Les soldats du Daghestan combattant en Ukraine ont appelé le président russe Vladimir Poutine et d’autres responsables à intervenir dans la saisie des maisons et des terres de plus de 500 familles dans un quartier de Makhatchkala.
Les militaires ont en outre demandé au chef de la commission d’enquête Alexandre Bastrykine et au procureur général adjoint Alexandre Gutsan d’intervenir également.
Dans la vidéo, les soldats, vêtus de treillis militaires et armés, affirment que les maisons avaient été saisies dans un quartier associé à la Société Volontaire d’Assistance à l’Armée, à l’Aviation et à la Marine (DOSAAF).
Selon eux, les habitants du quartier ont acheté des terrains et des propriétés il y a de nombreuses années, ont rempli les documents auprès des autorités de l’État et ont enregistré les droits de propriété, mais les biens ont ensuite fait l’objet d’un litige entre une entreprise basée à Moscou et un homme d’affaires local. L’entreprise a contesté la légalité de la transaction devant les tribunaux. Les restrictions ont ensuite été étendues aux habitations et parcelles appartenant aux habitants du quartier construits sur le territoire contesté.
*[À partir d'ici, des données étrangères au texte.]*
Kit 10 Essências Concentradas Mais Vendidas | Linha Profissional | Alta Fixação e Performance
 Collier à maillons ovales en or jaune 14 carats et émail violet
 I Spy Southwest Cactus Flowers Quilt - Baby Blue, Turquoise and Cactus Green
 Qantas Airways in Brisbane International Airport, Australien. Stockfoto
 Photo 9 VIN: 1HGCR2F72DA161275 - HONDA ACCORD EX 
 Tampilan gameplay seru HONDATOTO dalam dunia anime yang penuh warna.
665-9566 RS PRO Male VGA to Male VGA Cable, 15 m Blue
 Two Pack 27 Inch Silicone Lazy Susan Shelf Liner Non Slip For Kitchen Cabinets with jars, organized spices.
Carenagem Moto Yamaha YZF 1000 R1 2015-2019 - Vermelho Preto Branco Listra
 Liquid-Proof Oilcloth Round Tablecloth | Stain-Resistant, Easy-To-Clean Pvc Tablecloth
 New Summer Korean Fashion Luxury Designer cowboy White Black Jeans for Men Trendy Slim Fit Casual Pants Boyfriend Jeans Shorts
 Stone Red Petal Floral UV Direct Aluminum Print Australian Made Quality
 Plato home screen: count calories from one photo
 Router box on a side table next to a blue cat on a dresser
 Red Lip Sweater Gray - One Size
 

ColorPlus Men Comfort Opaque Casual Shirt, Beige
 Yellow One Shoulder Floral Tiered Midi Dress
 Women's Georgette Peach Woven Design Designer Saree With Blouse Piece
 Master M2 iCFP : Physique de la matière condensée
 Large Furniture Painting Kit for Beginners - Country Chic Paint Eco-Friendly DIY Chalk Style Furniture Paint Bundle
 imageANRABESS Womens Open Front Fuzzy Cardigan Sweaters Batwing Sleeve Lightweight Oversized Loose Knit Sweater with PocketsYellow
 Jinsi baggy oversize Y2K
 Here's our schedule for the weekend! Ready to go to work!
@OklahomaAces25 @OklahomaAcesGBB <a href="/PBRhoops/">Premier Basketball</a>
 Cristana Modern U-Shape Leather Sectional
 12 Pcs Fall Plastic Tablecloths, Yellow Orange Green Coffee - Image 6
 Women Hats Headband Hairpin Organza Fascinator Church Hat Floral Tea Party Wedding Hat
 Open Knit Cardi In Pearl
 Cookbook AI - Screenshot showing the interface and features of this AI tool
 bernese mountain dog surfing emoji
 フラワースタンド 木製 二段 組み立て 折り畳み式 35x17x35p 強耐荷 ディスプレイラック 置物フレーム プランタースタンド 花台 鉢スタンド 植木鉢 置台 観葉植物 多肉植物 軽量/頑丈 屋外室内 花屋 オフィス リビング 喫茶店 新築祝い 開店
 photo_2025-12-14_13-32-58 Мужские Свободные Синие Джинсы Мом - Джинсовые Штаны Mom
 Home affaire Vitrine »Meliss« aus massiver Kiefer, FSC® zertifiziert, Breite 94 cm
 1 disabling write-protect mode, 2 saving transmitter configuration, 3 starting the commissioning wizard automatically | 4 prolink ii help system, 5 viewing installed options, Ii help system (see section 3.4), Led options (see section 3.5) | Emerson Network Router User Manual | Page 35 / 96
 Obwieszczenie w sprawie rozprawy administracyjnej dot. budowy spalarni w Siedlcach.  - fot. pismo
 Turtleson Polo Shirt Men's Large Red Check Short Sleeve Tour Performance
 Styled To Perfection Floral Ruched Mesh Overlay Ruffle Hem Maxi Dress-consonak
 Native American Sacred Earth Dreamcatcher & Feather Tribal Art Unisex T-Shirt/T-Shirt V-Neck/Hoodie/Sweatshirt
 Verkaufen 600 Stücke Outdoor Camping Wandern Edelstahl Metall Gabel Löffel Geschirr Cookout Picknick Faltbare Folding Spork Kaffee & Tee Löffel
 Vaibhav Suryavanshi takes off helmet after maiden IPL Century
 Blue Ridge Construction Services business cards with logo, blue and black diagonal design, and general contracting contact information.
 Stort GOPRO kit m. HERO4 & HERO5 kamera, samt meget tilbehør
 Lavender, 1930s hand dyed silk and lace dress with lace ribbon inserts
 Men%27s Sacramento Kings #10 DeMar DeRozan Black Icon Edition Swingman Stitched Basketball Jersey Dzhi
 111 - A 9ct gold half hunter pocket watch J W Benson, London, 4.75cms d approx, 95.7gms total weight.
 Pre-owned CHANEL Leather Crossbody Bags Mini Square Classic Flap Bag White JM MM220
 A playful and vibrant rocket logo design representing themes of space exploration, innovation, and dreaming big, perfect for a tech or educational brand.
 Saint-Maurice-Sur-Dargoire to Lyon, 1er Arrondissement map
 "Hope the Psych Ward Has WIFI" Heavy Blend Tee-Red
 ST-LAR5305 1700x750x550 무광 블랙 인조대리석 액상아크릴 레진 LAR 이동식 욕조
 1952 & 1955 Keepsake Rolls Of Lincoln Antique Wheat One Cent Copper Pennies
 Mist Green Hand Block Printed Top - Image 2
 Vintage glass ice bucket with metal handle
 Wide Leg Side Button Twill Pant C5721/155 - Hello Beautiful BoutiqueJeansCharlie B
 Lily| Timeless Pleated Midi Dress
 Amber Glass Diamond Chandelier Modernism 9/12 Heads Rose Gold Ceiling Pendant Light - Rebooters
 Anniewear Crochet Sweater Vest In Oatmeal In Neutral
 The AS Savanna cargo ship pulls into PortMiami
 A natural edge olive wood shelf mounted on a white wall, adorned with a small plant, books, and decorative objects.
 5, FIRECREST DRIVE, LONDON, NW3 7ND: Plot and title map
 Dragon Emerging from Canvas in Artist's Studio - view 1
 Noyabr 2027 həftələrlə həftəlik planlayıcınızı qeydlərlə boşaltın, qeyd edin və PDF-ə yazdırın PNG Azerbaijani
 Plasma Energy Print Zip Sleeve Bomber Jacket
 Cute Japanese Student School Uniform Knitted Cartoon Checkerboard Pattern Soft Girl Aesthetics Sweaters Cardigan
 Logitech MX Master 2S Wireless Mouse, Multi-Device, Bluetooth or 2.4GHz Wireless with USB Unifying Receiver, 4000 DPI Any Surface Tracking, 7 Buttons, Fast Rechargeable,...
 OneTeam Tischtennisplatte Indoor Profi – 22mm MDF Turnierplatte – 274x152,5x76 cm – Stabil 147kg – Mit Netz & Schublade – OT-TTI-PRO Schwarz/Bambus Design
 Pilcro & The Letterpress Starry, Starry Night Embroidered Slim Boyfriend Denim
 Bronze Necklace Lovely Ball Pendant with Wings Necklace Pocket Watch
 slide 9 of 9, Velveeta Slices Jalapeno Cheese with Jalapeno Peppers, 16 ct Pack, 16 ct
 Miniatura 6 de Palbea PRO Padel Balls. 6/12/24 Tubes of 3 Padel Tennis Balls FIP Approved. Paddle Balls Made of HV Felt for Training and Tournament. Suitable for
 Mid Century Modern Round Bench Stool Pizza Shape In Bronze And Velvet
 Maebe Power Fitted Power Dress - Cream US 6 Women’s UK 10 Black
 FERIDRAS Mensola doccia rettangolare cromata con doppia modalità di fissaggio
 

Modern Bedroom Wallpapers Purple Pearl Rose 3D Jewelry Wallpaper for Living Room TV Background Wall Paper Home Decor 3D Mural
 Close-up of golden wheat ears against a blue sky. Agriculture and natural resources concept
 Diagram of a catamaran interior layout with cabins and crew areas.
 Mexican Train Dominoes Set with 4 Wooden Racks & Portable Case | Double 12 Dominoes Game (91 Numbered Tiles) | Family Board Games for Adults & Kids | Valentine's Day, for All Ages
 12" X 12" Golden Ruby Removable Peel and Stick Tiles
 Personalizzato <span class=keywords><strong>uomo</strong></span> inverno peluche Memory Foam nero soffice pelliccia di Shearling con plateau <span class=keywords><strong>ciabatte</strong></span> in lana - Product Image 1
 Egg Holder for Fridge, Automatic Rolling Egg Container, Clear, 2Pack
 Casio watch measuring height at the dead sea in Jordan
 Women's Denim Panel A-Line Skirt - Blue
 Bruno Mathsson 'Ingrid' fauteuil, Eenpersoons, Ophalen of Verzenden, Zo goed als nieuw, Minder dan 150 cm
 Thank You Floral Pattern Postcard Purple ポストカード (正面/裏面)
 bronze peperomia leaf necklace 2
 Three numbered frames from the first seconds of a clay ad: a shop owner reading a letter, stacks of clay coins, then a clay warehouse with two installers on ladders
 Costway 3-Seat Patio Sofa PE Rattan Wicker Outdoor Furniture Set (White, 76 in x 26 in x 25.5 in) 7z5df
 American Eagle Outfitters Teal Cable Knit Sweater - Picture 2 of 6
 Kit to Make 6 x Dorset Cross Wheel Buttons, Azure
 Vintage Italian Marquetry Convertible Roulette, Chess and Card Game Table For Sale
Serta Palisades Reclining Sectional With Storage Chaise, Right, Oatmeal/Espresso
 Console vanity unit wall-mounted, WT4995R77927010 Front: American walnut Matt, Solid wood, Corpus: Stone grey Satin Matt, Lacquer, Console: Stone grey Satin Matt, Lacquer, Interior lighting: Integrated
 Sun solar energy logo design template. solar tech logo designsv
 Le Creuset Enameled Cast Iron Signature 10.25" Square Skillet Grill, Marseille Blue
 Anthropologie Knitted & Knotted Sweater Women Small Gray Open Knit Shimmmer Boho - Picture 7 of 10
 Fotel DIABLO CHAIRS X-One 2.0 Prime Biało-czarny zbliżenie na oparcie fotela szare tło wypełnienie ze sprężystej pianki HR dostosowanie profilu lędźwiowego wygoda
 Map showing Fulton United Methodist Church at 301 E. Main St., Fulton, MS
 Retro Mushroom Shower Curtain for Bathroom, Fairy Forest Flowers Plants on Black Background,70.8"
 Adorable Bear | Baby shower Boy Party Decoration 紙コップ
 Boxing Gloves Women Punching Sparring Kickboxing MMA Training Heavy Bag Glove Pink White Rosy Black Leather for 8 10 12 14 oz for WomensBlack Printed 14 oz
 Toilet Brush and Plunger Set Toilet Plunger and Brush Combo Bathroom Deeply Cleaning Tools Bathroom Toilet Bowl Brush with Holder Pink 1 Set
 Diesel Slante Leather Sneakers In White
Dans leur appel, les soldats ont affirmé que de nombreux habitants du quartier étaient des proches de soldats participant aux opérations militaires contre l’Ukraine, tandis que certains des propriétaires eux-mêmes se trouvaient actuellement au front. Ils ont demandé aux autorités fédérales de « se pencher sur la situation » et de vérifier la légalité des décisions de saisie des biens.
La chaîne de télévision du Daghestan NNT avait déjà fait état d’une saisie massive de biens dans le quartier de DOSAAF. Les habitants ont déclaré aux journalistes de la chaîne qu’ils avaient pris connaissance des restrictions imposées à leurs maisons et à leurs parcelles sans notification préalable et qu’ils n’avaient pas participé aux audiences du tribunal. Certains se sont plaints du fait qu’en raison de la saisie, ils n’étaient pas en mesure d’effectuer des transactions immobilières, de traiter des documents ou d’effectuer des travaux de construction et de services communaux.
Les habitants du quartier affirment que de nombreuses familles y vivent depuis plus de 10 ans et ont officiellement acquis leur propriété. Certains affirment avoir investi toutes leurs économies dans la construction et craignent désormais de perdre leur maison.
« Nos maisons et nos terrains ont été acquis légalement par des acheteurs de bonne foi. De nombreuses familles ont investi leurs dernières économies, leur capital maternité et leurs années de dur labeur dans la construction. Les biens sont saisis et des familles risquent de se retrouver sans abri en raison d’une affaire à laquelle elles ne sont pas liées. Nous demandons que la légalité de la situation soit vérifiée, que les droits des propriétaires de bonne foi soient protégés et que l’expulsion de plus de 500 familles soit empêchée», a déclaré l’une des personnes présentes dans la vidéo.
Au moment de la publication, aucune réponse n’avait été reçue de la part des autorités du Daghestan, de la commission d’enquête ou du bureau du procureur général.
Les conflits fonciers et le développement de masse restent parmi les questions les plus controversées à Makhatchkala. Ces dernières années, la ville a connu à plusieurs reprises des conflits sur le statut des terrains alloués à la construction de logements individuels, ainsi que des maisons construites sur des territoires dont le statut juridique n’est pas résolu, tandis que des réclamations concernant les documents de propriété foncière ont été soulevées des années après l’achèvement de la construction et l’enregistrement de la propriété.
Depuis le début de la guerre à grande échelle menée par la Russie contre l’Ukraine, les autorités russes ont régulièrement souligné la nécessité d’offrir aux soldats et à leurs familles des garanties et un soutien sociaux supplémentaires. Dans diverses régions de Russie, on a promis aux soldats des avantages sociaux, des terrains et des solutions simplifiées aux problèmes de propriété.